Entre les singularités de laquelle y avoit trois plats
d'argent, accomodés exprès à cet effect,
en l'un desquels y avoit un grenadier, en l'autre un oranger,
et en l'autre un citronnier, si dextrement et artificieusement
représentés et desguisés, qu'il n'y avoit
personne qui ne les prist pour naturels. Et estoit si heures du
matin, quand le Roi et la Roine en sortirent.

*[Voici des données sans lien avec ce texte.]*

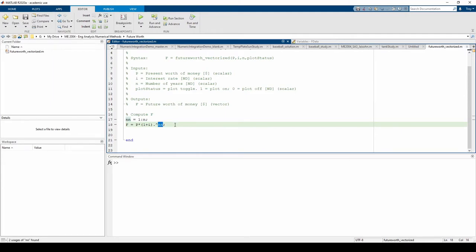Finally, we need to add the code to plot f versus nn. The code will only plot if the last input, plot status, equals 1. We can use an if statement in conjunction with the isEqual command to translate this decision into MATLAB code.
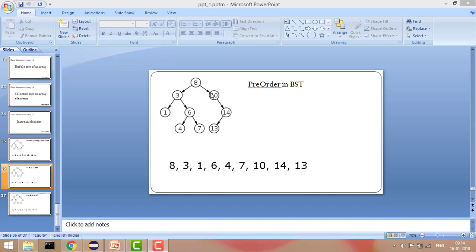Now it has covered all of the left side including the root itself, so it will go right. As soon as it hits 10 it prints 10. Left is null so it goes to 14, prints 14, then goes to 13 and prints 13. That is the pre-order printing of elements in a binary search tree.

La petite Paulette
emporta l'honneur du balet, tant par ses bonnes graces que par
sa voix harmonieuse et délicate (qu'on disoit, au jugement
mesme du Roi surpasser en bonté et douceur celle du sieur
de Vaumesnil) : joint que ceste petite chair blanche, polie, délicate,
couverte d'un simple crespe fort délié, mettoit
en goust et en appétit plusieurs personnes.
.L'Ambassadeur
d'Angleterre vit ce beau balet à l'Arsenal ; et celui d'Espagne,
dom Phèdre, au logis de la Roine Marguerite, pour en prendre
(disoit-on) un plan, et l'envoier à l'Archiduc, pour le
faire imprimer, en Espagne, en tablature de taille-douce.
Le
refrain du balet et de la balade (comme on dit) fust une querelle
de gentilshommes, prise au logis de la Roine Marguerite : chose
assez commune et ordinaire en ce siècle fertile en toutes
sortes de desbauches et meschancetés.
P.
de L'Estoile, Mémoires-Journaux pour le règne
de Henri IV.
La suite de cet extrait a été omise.